Activity = Exactly and only the lines below from the one containing "True Religion Camouflage" down to the one containing "Srixon ZX4 Irons" are wanted, both included; please exclude every picture.

Available data =
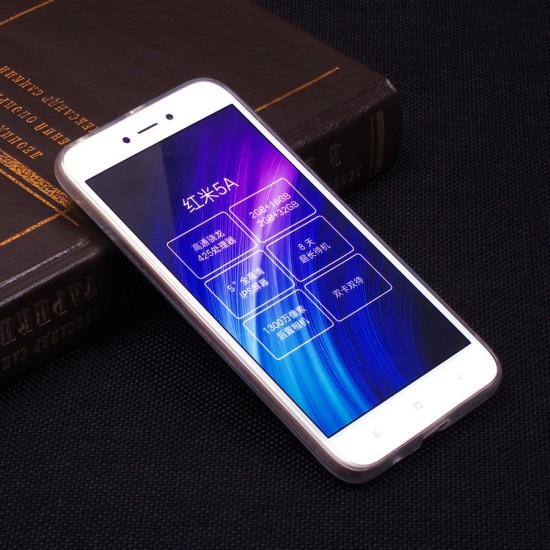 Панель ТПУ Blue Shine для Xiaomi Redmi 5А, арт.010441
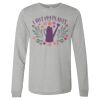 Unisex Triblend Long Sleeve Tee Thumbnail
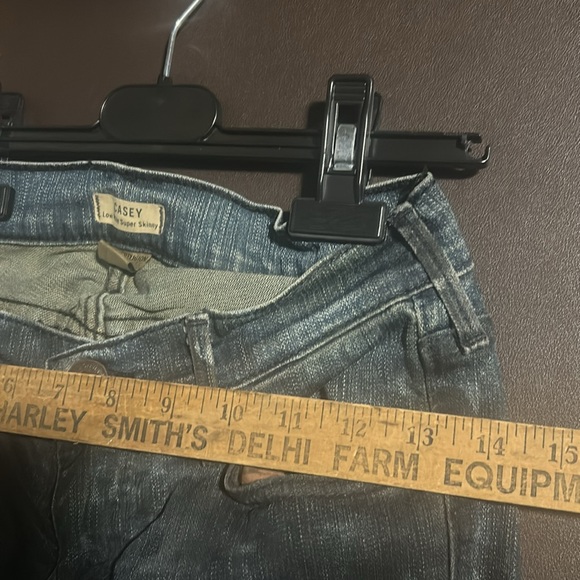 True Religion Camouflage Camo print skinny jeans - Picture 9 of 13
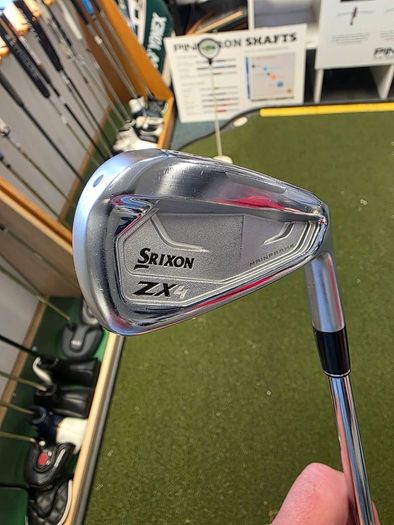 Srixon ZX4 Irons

--

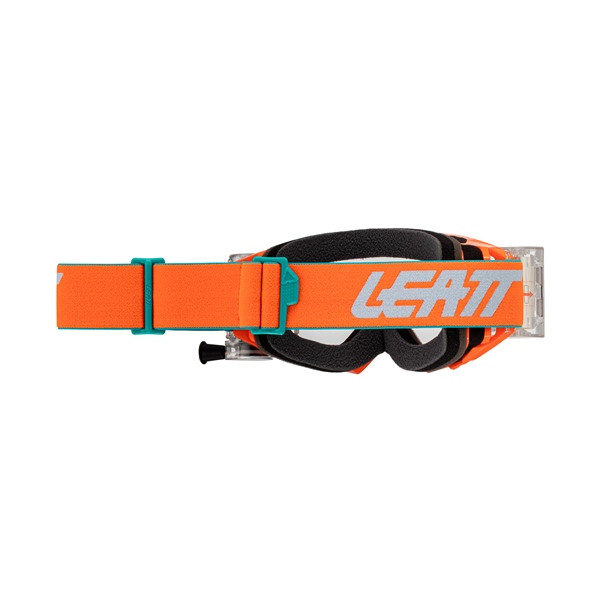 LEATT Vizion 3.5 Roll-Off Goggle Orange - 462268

--

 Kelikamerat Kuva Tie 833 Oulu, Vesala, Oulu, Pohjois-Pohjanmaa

Solution below =
 True Religion Camouflage Camo print skinny jeans - Picture 9 of 13
 Srixon ZX4 Irons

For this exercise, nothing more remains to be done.